Retraining

Evaluating the quality of the model on a new dataset

The initial model M is fitted using a set of five representative datasets, hereafter referred to as the standard datasets (DS1–5). If your data deviates too much from the standard dataset, M may perform less well.

Specifically, when setting out to score a new dataset, you may be faced with one of three situations, as reflected by the corresponding F1 score (i.e., 2TP/2TP+FN+FP, TP: true positive, FP: false positive; FN: false negative): (1) the initial model (M) performs well on the new dataset (0.9 ≤ F1 ≤ 1); in this case, model M is used; (2) model M performs significantly worse on the new dataset (0.5 ≤ F1 < 0.9); in this case, you may want to consider retraining the model (see below); (3) the model does not work at all (0 ≤ F1 < 0.5); such a low F1-value probably means that the features of the dataset are too distant from the original representative dataset to warrant retraining starting from M.

Before retraining a model (2), verify once more the quality of the data, which needs to be sufficiently good in terms of signal over noise to enable efficient learning. If this is not the case, it is evident that the model will not be able to learn well. If you, as a human being, cannot tell the difference between a real focus and a stray spot using a single channel at hand (i.e., not looking at other channels), the same will hold for the model.

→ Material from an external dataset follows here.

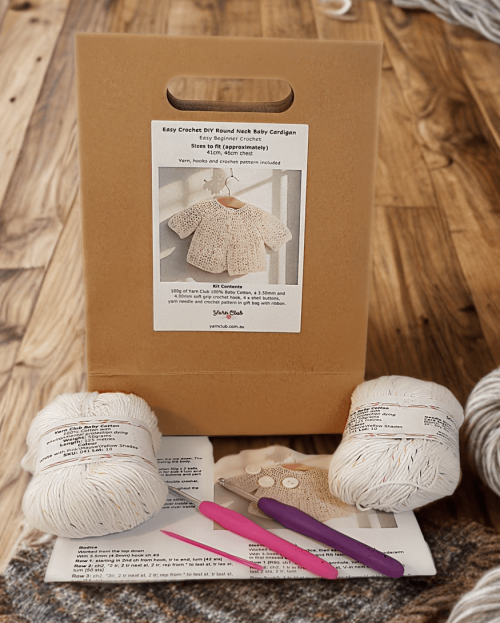 Easy Crochet Round Neck Baby Cardi Gift Kit - Image 7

To retrain the model, you first must annotate the dataset, divide it randomly into training and test sets (90 % versus 10 % of the data, respectively). Next, the model is trained with the 90 % set, thus generating a new model, M*. Last, you will evaluate the gain of performance on the new dataset, as well as the potential loss of performance on the standard datasets.

Detailed training procedure

  1. Split the dataset into training (90%) and test (10%) sets, each containing one field of view and the channel to use. This helps trace back issues during the training and renders the model fitting reproducible.

  2. Label all the images present in training and test sets using Labelbox. To upload the images, please create the vignettes first and then upload them once you have a project set up.

  3. Save all foci coordinates (x, y), origin at top-left, present in one field of view as one text file under /path/to/dataset/annotation/centrioles/ with the naming scheme <dataset_name>_max_C<channel_index>.txt.

  4. Evaluate the newly annotated dataset using the model M by computing the F1 score.

  5. If the performance is poor (i.e., F1 score < 0.9), fit a new model instance, M*, with the standard dataset plus the new dataset (90% in each case).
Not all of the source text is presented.